Limitations & Future Work

  • Only validated on 2-3 objectives; as dimensions of the CAGrad subproblem increase (5+), it may remain noisy.
  • \(c\) (trust region radius) is a manual hyperparameter; adaptive methods might be more robust.
  • Evaluated only on summarization and safety; other alignment scenarios like code, math, and reasoning are untested.
  • Clipping is a hard constraint \(\tilde p = \min(p, w)\); soft clipping (e.g., sigmoid) might be smoother.
  • Online settings (streaming new preference pairs) were not explored.
  • vs MODPO: MODPO requires a reward model; RACO is reward-free.

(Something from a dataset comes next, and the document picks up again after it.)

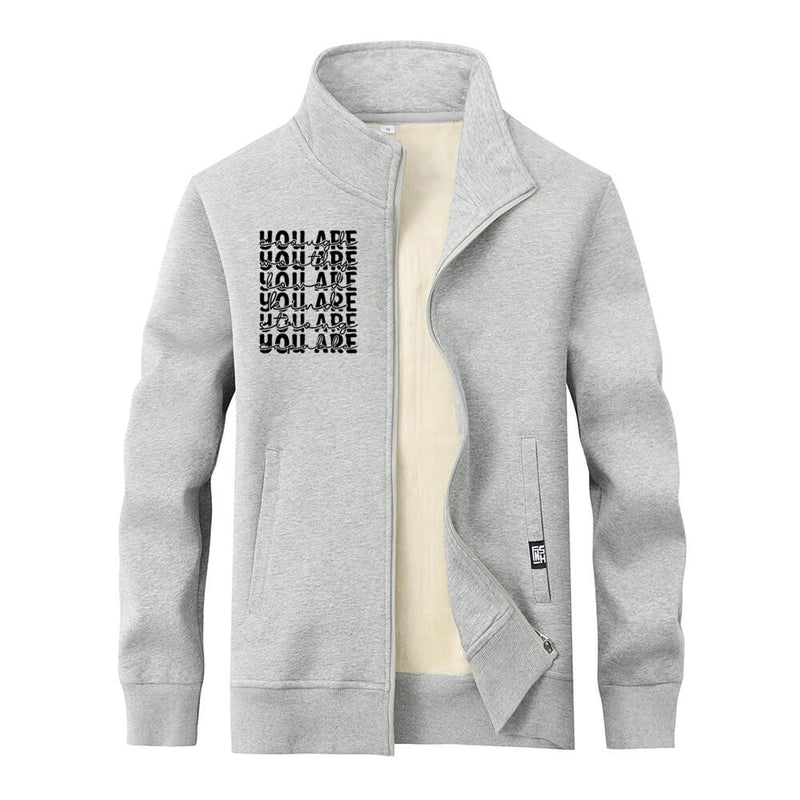 You Are Worthy And Loved Stand Collar Zip Cardigan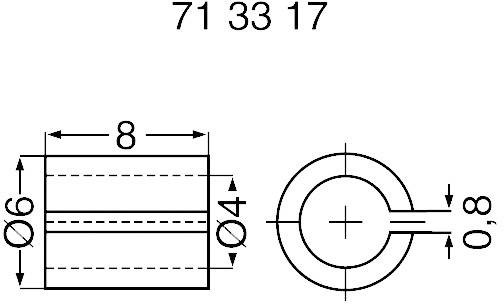 Rysunek techniczny cylindra o następujących parametrach: długość 8, średnica zewnętrzna 6, średnica wewnętrzna 4, szerokość rowka 0,8.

  • vs AMoPO: AMoPO is reward-free but does not handle conflicts; RACO does so explicitly.
  • vs MGDA / vanilla CAGrad: MGDA ignores user weights; CAGrad over-corrects in LLMs; RACO addresses both.
  • Insight: The clipping idea is applicable to all "multi-objective + high-dimensional + user preference" scenarios; the combination of reward-free + multi-objective is also relevant to many designs in RL.

Rating

  • Novelty: ⭐⭐⭐⭐ CAGrad-Clip is a simple but effective fix; innovative framing.

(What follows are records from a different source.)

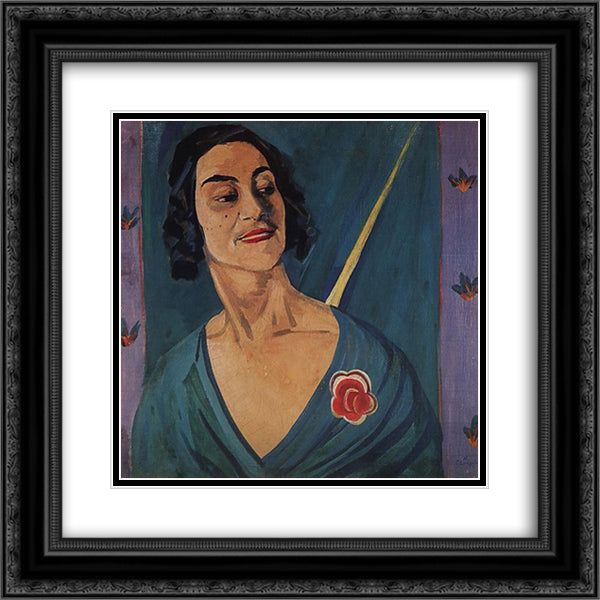 Portrait of actress Anna Humashyan 20x20 Black Ornate Wood Framed Art Print Poster with Double Matting by Saryan, Martiros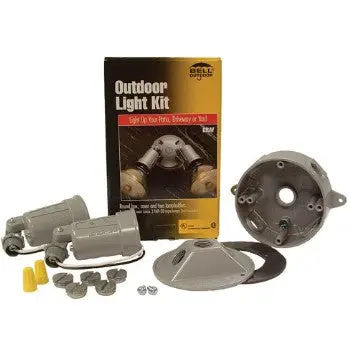 Hubbell/Raco 5829-5 Two Light Lampholder Box Cover Kit, Gray 4 Inch 1
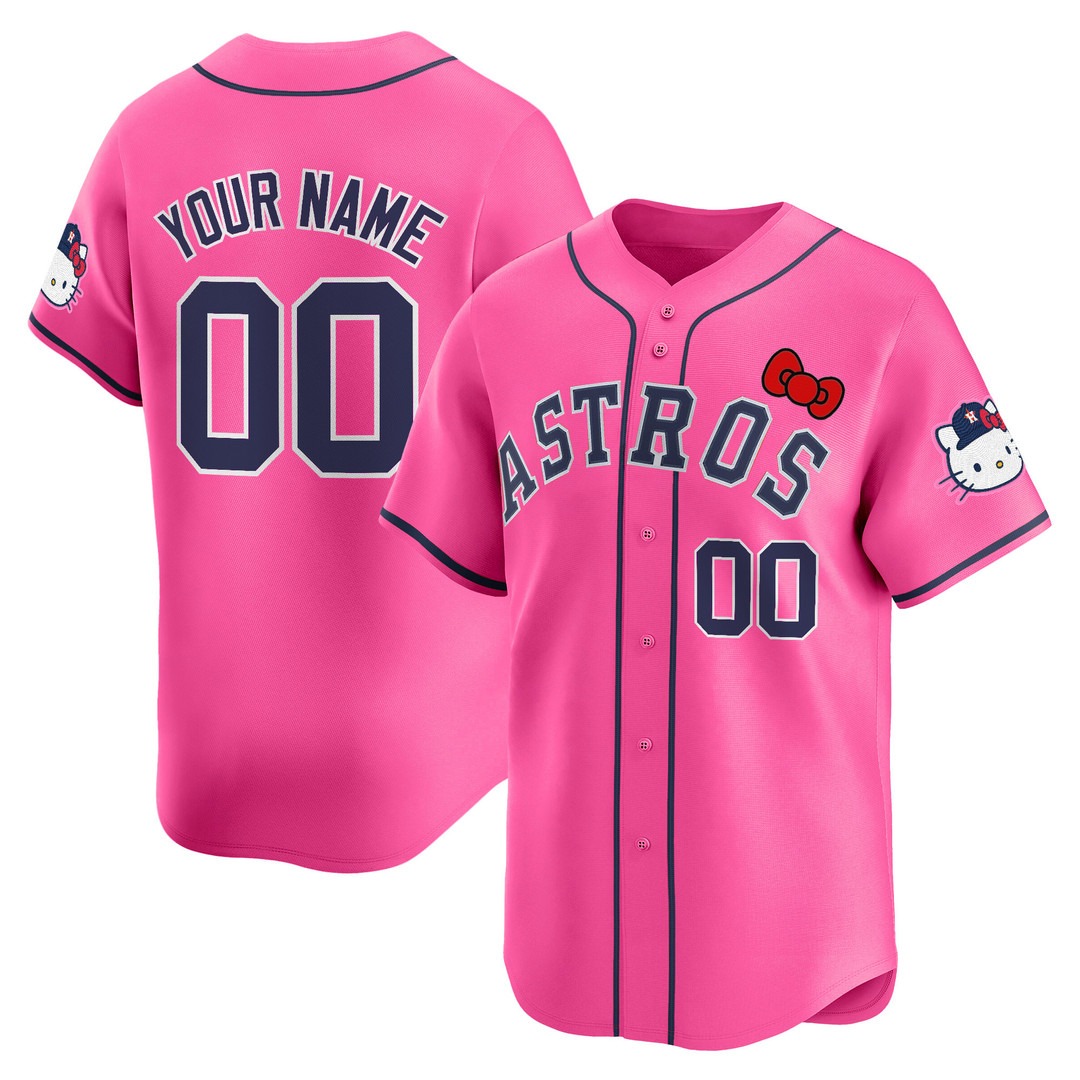 Houston Astros Active Player Custom 'Hello Kitty' Limited Baseball Jersey Pink V2 - All Stitched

  • Experimental Thoroughness: ⭐⭐⭐⭐⭐ Cross-model family × multi-task + detailed ablation + convergence verification.
  • Writing Quality: ⭐⭐⭐⭐⭐ Clear theoretical and algorithmic chain; intuitive comparison in the capability matrix.
  • Value: ⭐⭐⭐⭐⭐ Alignment tax is a major pain point in LLM deployment; RACO provides an efficient reward-free solution.